I could widen this list with plenty more players: During the last two matches, Adam Dźwigała only lost one defensive duel (even though we have to talk about the goal of Aue). But taken into account that this lad wasn’t on the pitch (or even in the squad) for almost two months (if we let the few minutes in Osnabrück aside), he’s delivering quite well.
And I also have to point at Omar Marmoush. Yes, led ten dribblings again and his speed is absolutely incredible. But do you know his biggest skill? When he’s passing. Omar Marmoush is the best forward of the second division in terms of playing passes with a pass ratio of ~83%. Of course, we have to look where he plays which pass but he’s definitely top notch of all forwards of the division (and if you look at his assist for the 2-0 against Braunschweig you know that he can play more than just back passes). And also against Aue, he delivered 12 of 13 passes to his teammates. Especially with regards to the spaces Marmoush is covering on the pitch, this is a really good value.
I don’t mention Guido B. He isn’t capable of many things. For example scoring the pre-decision. I. Am. So. Disappointed!

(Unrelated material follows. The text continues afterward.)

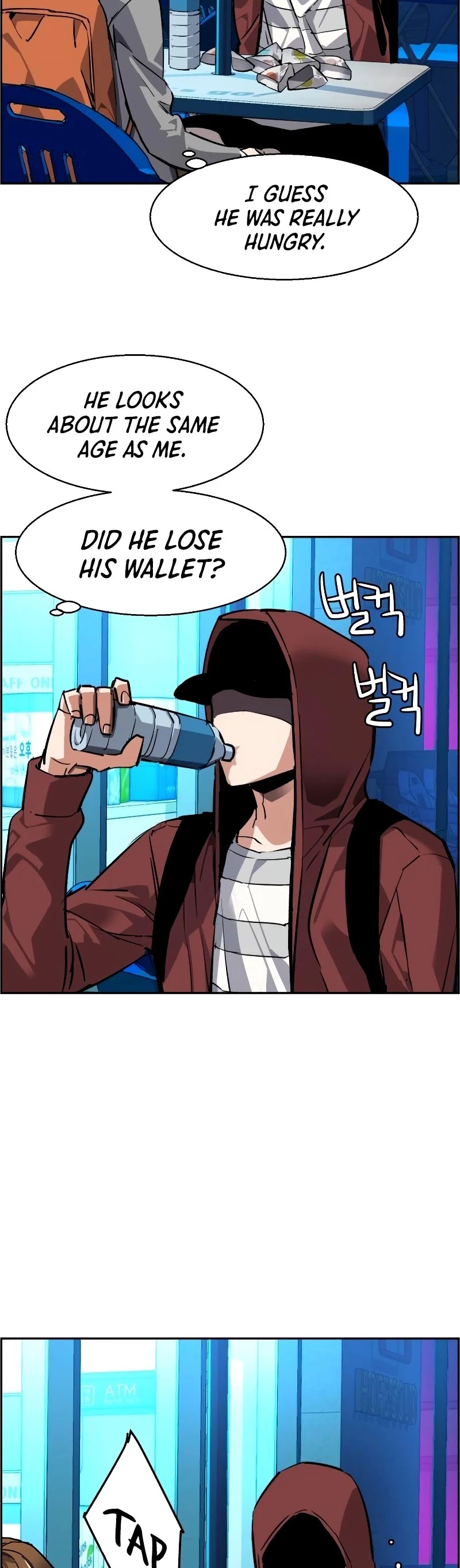 Mercenary Enrollment Chapter 51 page 48 - Chapter 51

If we celebrate two goals after set-pieces in one game only, in Aue, and when a match isn’t thrilling until the end, there’s isn’t much that has gone wrong. It’s remarkable that the goals after set-pieces were almost identical, even though mirrored. Two times, Zander simply runs towards the back-post. From Aue’s perspective, it mustn’t have happened that Zander appears at the back-post at the first time. But the same all over again? This appeared almost intended by Aue. The two goals after set-pieces also cover up a little bit that the FCSP had many chances out of their play but didn’t manage to score in so many facets. (I told you already, Guido isn’t capable to do so). Especially during the second half, Aue shouldn’t have mourned about a higher defeat. Anyway, I am again starting to blame the FCSP for winning a match not high enough. We should rather indulge here (..but not with Guido!).